For twenty years, from ages 38 to 59, he stayed mainly at his estate in the Bordeaux region along the Dordogne River, and wrote essays. He came close to death in a riding accident, weathered various occurrences of plague (though the love of a lifetime, La Boétie, was taken), and was victim of various ailments that could have been alleviated today but which eventually killed him. Importantly, he lived through the period of time known as The Saint Bartholomew Wars, which was recently cited in a book on modern counter-insurgency as an example of one of the longest and most consequential non-state religion-based internecine conflicts characterized by extreme violence, bloodshed and carnage: Catholics on Protestants.
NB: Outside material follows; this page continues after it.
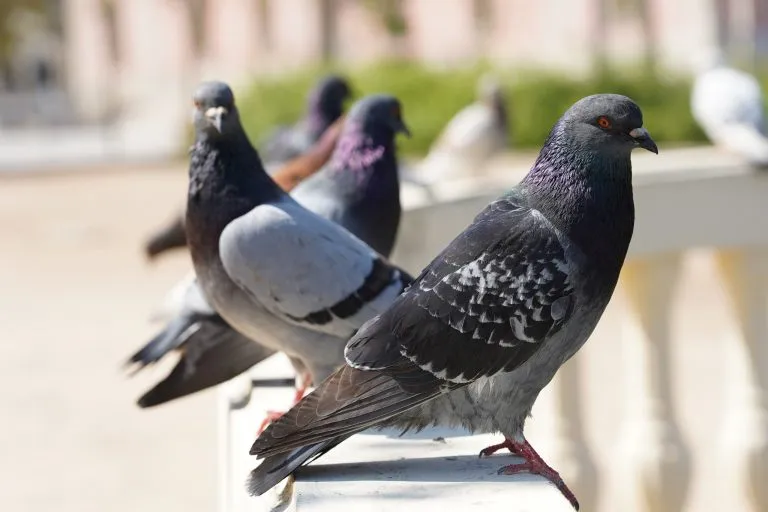 Почему мы не видим птенцов голубей 🕊 #4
It led Montaigne to write, “There is no hostility that exceeds Christian hostility.” And yet Montaigne managed to maintain a sense of proportion and breadth of perspective that seems positively Zen in this day and age. He was liked and admired, was elected mayor of his village without seeking office, his writings were collected by the king and twittered over in the boudoirs of all France.
Montaigne had a fascination with pragmatic schools of philosophy like Stoicism, Epicureanism, and Skepticism. All these schools had the same aim: to achieve a way of living known as "happiness," "joy," or "human flourishing" (from the Greek eudaimonia). The schools agreed that the best path to eudaimonia was ataraxia, which can be translated as "imperturbability" or "freedom from anxiety." (Does this not sound like Buddhism to you?) It appears a key to living well, fully, and without regret is cultivating mindfulness:
A person who does not sleepwalk through the world…is freed to respond to situations in the right way, without hesitation—as if they were questions asked all of a sudden, as Epictetus puts it. A violent attack, a quarrel, the loss of a friend: all these are demands barked at you by life, as by a schoolteacher trying to catch you not paying attention in class. Even a moment of boredom is such a question. Whatever happens, however unforeseen it is, you should be able to respond in a suitable way. This is why, for Montaigne, learning to live “appropriately” (à propos) is the “great and glorious masterpiece” of human life. (pp. 111-112)
But I haven’t yet said what it is about this book that makes me convinced there is no better time to introduce Montaigne into the mainstream. It is Sarah Bakewell’s handling of the material, in which she proves herself a fascinating conversationalist and careful historian. In lesser hands, the material could have seemed distant at best. But Bakewell allows Montaigne himself to shine: his work seems as amusing and fresh as a friend declaiming over a glass of wine—red wine, white wine—you never know with Michel. I haven’t yet read Montaigne’s Essays, but I certainly intend to now. It seems a pity to leave Montaigne to experts. More than that, who couldn’t use a clever best friend? I relished the background and erudition Bakewell brought to the picnic. Every page was a delight.